Also interesting is Selectman Flynn's attempt to elevate policeman Pilone to the chief's position by, among other things, saying how great he is. How quickly things can change. Would you like to explain Mr. Flynn? I won't hold my breath.
Here's the transcript:
Mr. Swanson: The complaint that was a petition that was filed with the Select Board that lead to the removal of Reena Bucknell, will that be made public?
Selectman Turner: Well, there wasn’t really a petition, that was a vote of no confidence by the police officer.
Mr. Swanson: So, it’s an oral—
Selectman Brazie: No, it was written. And it’s already been made public. It was attached to the minutes that, so, would you like a copy?
Mr. Swanson: And the second question is, once this petition was submitted, what was the process that the select board went through that led to the decision to suspend Ms. Bucknell, Chief Bucknell, with pay? Was there a review, a discussion with Bucknell, was there, are there files or documents?
Selectman Turner: She wasn’t attending at, present at, that meeting.
Selectman Brazie: Right.
Mr. Swanson: Did you decide in the meeting?
Selectman Turner: Yes, we did.
Selectman Flynn: Yes, we did.
Mr. Swanson: Okay. Why did you not go through a more formal process that would be [Inaudible].
Selectman Turner: What would have been the formal process?
Mr. Swanson: Pardon me?
Selectman Turner: What would have been the formal process?
Mr. Swanson: Well, normally, in, in—
Selectman Turner: We initiated an investigation at that time.

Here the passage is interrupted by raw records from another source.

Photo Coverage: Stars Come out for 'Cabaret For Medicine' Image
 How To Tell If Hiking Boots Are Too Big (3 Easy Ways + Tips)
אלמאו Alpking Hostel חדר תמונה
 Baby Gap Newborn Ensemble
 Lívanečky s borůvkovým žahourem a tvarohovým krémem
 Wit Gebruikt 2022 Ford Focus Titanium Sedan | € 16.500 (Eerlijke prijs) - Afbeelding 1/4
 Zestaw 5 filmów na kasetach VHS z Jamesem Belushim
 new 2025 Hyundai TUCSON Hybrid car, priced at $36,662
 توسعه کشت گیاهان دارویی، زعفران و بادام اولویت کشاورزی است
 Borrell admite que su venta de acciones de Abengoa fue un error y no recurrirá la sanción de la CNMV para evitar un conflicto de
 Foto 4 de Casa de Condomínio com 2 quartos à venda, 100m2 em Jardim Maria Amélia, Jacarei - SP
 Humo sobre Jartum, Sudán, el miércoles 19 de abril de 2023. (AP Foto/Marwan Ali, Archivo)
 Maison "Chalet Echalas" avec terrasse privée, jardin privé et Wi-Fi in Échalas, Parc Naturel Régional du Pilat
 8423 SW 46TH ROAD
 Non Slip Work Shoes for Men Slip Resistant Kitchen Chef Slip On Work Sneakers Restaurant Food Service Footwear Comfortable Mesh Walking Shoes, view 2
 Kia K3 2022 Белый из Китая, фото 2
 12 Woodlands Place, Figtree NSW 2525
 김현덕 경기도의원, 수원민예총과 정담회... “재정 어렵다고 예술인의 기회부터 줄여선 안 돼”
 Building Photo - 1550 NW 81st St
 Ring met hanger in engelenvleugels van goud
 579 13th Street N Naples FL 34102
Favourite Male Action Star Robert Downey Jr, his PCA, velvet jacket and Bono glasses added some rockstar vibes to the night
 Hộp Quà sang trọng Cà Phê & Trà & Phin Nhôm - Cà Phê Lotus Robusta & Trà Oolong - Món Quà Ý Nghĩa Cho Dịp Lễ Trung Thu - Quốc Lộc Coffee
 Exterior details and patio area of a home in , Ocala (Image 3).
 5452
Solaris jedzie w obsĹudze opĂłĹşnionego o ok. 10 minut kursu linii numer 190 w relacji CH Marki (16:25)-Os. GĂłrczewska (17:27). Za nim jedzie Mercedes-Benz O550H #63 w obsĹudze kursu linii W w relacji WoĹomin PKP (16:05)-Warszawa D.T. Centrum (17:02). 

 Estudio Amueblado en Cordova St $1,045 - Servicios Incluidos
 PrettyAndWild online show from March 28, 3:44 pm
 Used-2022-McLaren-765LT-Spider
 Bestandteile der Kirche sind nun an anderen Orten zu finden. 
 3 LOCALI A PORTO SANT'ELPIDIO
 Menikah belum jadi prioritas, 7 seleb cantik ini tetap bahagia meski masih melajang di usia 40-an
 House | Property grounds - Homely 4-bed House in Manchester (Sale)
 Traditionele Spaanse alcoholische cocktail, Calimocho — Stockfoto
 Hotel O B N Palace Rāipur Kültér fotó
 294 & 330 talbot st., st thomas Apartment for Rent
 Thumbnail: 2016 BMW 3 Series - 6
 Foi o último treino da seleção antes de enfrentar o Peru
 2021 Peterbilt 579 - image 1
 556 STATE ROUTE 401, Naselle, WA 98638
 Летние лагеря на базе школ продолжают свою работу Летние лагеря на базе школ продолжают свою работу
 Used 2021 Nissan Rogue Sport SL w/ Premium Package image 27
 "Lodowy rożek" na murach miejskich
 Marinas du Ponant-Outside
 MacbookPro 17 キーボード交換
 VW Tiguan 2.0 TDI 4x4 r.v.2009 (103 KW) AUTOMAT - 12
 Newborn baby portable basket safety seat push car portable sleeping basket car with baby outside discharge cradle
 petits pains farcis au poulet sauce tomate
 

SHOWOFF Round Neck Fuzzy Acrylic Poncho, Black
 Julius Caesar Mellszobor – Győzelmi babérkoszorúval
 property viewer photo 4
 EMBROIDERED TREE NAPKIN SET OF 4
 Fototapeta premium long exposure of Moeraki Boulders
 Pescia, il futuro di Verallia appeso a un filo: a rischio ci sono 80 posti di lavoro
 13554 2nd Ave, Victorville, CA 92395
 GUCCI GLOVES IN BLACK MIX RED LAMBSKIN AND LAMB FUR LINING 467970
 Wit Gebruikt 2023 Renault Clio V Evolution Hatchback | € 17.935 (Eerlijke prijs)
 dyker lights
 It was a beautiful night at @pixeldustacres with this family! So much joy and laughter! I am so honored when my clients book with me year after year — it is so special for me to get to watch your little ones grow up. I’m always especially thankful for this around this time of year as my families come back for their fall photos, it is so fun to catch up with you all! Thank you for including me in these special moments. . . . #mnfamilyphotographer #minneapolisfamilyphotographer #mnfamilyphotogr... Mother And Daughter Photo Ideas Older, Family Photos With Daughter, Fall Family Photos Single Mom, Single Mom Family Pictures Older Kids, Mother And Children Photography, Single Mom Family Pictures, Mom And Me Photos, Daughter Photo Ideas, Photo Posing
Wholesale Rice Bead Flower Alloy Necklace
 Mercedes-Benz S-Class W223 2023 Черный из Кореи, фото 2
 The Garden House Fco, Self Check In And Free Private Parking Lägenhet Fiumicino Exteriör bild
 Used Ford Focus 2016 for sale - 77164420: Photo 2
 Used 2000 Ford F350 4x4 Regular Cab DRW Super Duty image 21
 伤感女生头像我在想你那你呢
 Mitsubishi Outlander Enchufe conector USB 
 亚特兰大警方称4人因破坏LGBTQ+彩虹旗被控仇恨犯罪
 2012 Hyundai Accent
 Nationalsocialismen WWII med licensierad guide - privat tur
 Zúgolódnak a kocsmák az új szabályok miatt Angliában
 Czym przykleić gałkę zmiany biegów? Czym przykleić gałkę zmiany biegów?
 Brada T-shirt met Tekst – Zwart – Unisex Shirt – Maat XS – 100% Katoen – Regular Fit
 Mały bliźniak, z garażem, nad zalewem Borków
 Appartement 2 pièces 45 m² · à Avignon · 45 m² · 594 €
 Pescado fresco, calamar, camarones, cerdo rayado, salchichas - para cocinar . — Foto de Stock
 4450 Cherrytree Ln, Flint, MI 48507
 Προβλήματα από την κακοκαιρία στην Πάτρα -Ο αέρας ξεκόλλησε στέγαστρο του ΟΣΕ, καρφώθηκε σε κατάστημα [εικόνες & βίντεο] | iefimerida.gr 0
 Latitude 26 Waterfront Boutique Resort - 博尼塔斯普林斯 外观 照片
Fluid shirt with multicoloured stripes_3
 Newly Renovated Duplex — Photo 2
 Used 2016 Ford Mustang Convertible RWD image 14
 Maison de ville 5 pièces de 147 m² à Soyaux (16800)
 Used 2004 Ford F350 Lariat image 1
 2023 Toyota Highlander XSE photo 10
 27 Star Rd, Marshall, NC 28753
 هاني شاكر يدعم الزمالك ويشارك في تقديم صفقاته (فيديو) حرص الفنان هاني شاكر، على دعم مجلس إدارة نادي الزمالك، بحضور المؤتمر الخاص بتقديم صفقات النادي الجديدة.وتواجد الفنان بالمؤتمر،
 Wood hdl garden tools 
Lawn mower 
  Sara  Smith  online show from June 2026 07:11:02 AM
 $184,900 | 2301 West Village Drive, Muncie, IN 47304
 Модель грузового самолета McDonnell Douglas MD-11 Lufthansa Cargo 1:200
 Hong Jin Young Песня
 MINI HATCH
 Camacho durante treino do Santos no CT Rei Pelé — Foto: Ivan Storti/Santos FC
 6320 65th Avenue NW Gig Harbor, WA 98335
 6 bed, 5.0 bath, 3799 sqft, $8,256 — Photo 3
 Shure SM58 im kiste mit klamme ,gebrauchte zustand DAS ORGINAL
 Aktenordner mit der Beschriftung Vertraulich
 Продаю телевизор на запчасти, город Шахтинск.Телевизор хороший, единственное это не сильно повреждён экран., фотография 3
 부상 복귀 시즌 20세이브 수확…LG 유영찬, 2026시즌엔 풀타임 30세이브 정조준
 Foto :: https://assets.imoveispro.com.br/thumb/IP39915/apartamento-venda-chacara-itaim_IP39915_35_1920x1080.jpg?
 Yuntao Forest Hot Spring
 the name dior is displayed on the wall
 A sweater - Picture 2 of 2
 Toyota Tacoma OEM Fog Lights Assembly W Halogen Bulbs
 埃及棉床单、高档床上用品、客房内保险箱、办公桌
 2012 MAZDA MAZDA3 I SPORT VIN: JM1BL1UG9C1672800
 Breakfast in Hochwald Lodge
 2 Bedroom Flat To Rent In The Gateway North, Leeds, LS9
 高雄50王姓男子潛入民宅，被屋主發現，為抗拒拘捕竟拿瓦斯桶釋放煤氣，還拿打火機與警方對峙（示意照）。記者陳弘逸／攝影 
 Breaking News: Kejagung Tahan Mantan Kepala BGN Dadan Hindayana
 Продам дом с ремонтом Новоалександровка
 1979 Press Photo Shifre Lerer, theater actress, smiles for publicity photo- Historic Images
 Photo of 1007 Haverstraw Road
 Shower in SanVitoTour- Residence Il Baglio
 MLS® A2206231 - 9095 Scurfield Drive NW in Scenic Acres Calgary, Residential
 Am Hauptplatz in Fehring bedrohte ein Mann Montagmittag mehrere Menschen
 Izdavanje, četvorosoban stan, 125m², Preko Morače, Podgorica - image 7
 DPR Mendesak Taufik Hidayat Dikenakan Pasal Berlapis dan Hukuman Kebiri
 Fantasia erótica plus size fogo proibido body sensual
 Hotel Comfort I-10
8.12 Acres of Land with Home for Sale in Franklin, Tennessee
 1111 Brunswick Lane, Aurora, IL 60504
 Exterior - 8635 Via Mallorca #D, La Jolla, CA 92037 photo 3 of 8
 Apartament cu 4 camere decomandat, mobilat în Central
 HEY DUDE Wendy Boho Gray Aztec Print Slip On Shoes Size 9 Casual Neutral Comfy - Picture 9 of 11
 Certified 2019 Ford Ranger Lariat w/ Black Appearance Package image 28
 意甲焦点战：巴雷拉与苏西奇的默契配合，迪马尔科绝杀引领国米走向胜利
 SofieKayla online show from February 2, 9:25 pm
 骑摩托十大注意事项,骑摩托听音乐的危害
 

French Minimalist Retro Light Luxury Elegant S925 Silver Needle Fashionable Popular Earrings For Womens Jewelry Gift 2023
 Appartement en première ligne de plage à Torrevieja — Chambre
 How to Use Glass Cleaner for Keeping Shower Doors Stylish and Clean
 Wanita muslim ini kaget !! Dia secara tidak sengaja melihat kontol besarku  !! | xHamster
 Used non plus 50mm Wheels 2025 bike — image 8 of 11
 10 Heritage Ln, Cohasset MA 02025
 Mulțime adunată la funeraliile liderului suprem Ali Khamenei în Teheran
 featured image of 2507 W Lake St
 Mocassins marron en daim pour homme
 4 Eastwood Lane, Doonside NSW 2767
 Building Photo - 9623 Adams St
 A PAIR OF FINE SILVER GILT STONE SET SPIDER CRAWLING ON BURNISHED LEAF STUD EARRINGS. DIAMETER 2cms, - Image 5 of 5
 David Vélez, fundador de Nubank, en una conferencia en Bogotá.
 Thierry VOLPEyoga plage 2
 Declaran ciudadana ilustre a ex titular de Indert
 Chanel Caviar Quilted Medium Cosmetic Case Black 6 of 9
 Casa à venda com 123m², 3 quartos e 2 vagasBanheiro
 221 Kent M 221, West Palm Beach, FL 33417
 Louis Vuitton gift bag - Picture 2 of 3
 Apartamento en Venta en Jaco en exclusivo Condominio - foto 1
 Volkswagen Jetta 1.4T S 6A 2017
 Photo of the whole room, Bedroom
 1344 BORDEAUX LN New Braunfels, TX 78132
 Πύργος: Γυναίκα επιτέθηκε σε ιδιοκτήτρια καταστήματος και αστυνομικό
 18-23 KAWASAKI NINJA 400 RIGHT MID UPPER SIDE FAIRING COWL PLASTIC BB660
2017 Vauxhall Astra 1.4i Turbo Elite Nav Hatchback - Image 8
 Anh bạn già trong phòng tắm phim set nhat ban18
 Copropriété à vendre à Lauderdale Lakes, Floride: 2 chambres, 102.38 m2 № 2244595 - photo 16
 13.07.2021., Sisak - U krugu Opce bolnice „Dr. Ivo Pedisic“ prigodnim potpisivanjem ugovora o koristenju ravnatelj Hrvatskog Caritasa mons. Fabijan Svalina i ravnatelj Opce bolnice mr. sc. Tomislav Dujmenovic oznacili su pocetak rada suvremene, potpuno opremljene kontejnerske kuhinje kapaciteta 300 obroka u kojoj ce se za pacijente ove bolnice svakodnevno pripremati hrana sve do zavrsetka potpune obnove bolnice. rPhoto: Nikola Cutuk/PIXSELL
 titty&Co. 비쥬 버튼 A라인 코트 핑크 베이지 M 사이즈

Mr. Swanson: After suspending her.
Selectman Turner: Yes, and that’s the formal process that—
Mr. Swanson: Why did you decide to suspend her based on a complaint from her employees rather than discuss it with her?
Selectman Brazie: ’Cause it wasn’t a single complaint, actually. There were several complaints.
Mr. Swanson: Presented simultaneously?
Selectman Brazie: Yes.
Speaker: Mm hm.
Selectman Brazie: Along with the vote of no confidence.
Selectman Turner: I think we had the full there—
Mr. Swanson: She thought that was the full story [Inaudible].
Selectman Turner: With a full group of officers it was, it was either we had a police department or we had a chief. I don’t think there was a, and I think it was a—
Mr. Swanson: So, the people, the officers who presented the petition, the vote of no confidence were ready to resign their positions?
Selectman Turner: I think they were.
Mr. Swanson: They made that clear? Explicit?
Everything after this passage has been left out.